Vineta 1985/1990

von

Andreas Trogisch fotografiert. Seit 35 Jahren oder länger schon. Lange wussten das nur wenige. Bis vor ein paar Jahren die ersten Fotomappen mit seinen Bildern auftauchten. ›Magico‹, ›Desiderata‹ … Die kleinen Auflagen waren schnell weg. Was blieb, war die Gewissheit, einen Bildermagier entdeckt zu haben. Was kam, war REPLIES, das große Buch zur phantastischen Bilderwelt des Andreas Trogisch. Jetzt ist Trogisch ein weiteres Mal in den Steinbruch seines Archivs gestiegen und hat einen ganz dicken Brocken abgebaut. VINETA. Das Buch verbindet zwei Serien, die kurz vor und kurz nach dem Fall der Mauer in den Straßen Ost-Berlins entstanden sind.

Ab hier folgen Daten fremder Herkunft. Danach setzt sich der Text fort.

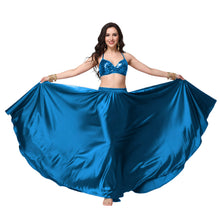 Satin Full Circle Belly Dance Skirt | 360° Flow Gown S-5XL S69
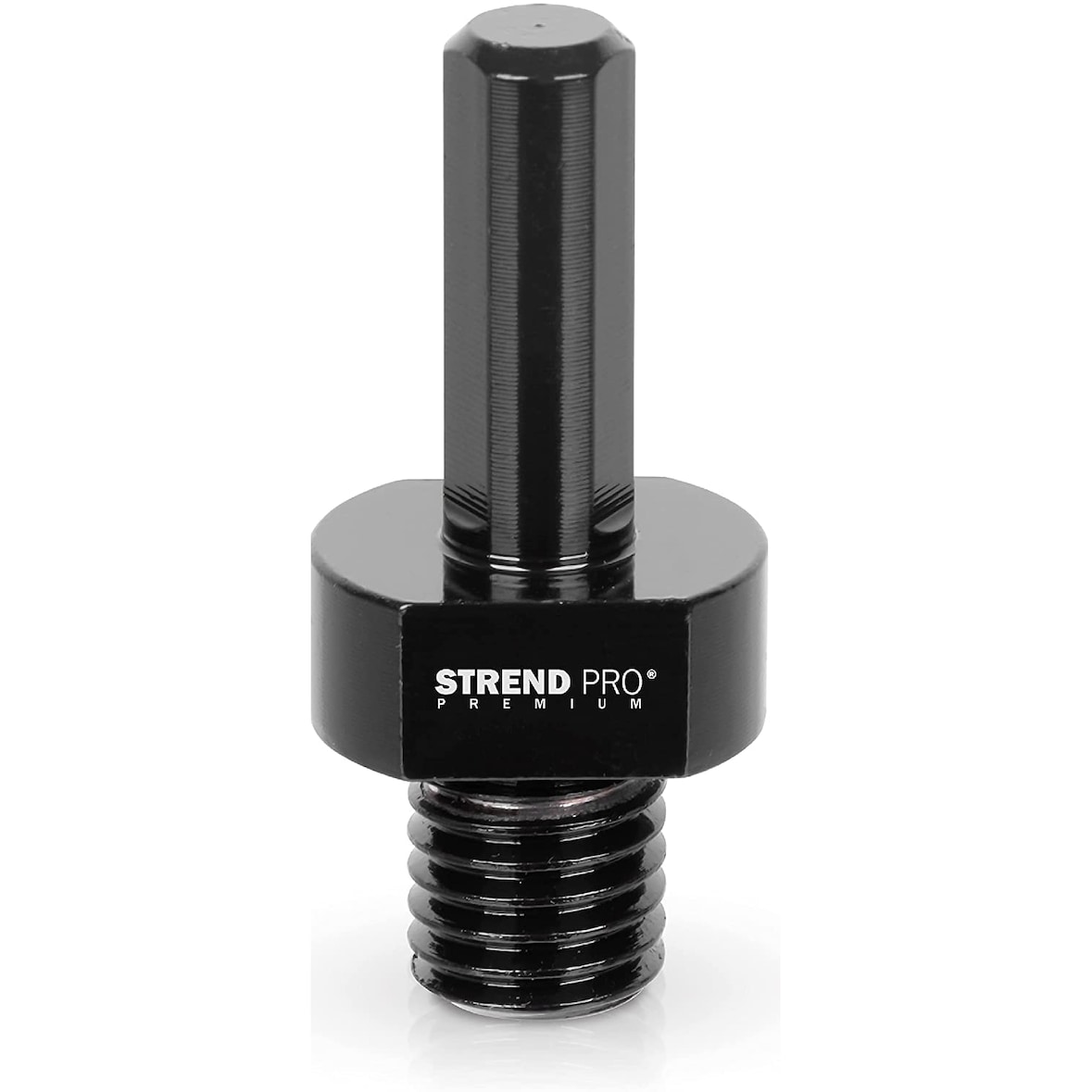 PROREGAL Adapter für  Diamant Bohrkronenaufsatz Premium CRYSTAL, Adapter M14 an 3/8" Sechskantschaft, Verbindungswandler für Bohrkronen Schleifscheibe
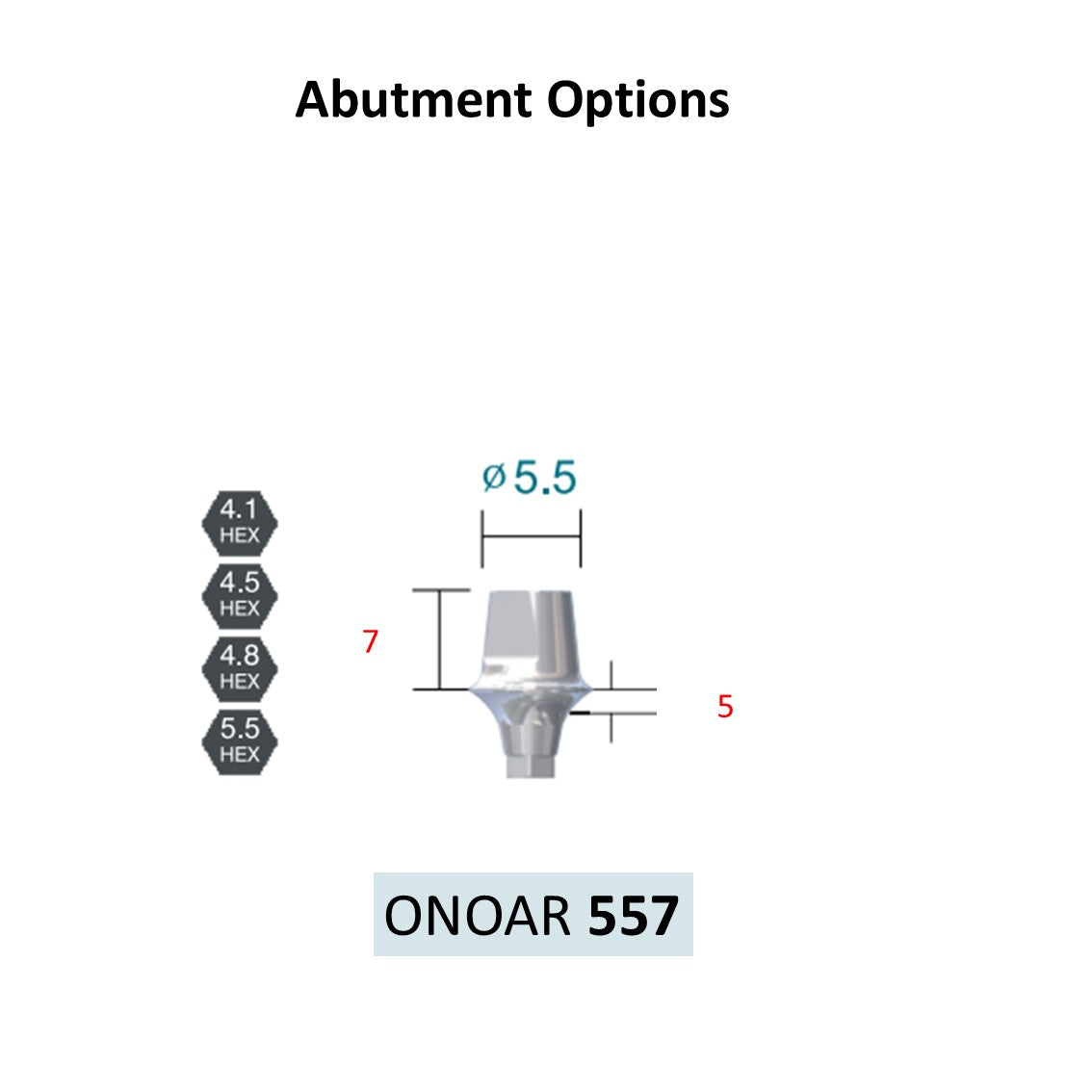 [Bone Level Tapered] BestDuo Abutment Diameter 3.5/4.0/4.8/5.5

Portraits von 1985, Kinder, die ernst und unsicher in die Kamera blicken, Jugendliche, die noch etwas vorhaben, aber was eigentlich?, Männer und Frauen, die sich der Tristesse gebeugt haben, verzagte, enttäuschte und zornige Alte. Lähmende Agonie. Und dann die menschenleeren Stadtlandschaften von 1990. Es ist die Ruhe nach und vor dem Sturm. Sinnlos gewordene Reklame, ausrangierte Haushaltsgeräte, Fassaden und Fahrzeuge ohne Zukunft. Etwas ist zu Ende, das Neue hat noch nicht begonnen, wie es sein wird ist ungewiss. Aber Trogisch hat hier nicht einfach den Untergang der DDR dokumentiert. VINETA ist eine bildgewaltige Parabel über fortwährende, unaufhaltsame gesellschaftliche Entwicklungs- und Veränderungsprozesse, die von den meisten Menschen wenig beeinflusst aber dennoch bewältigt oder mindestens ertragen werden müssen. Hier in Europa erleben wir das gerade wieder hautnah.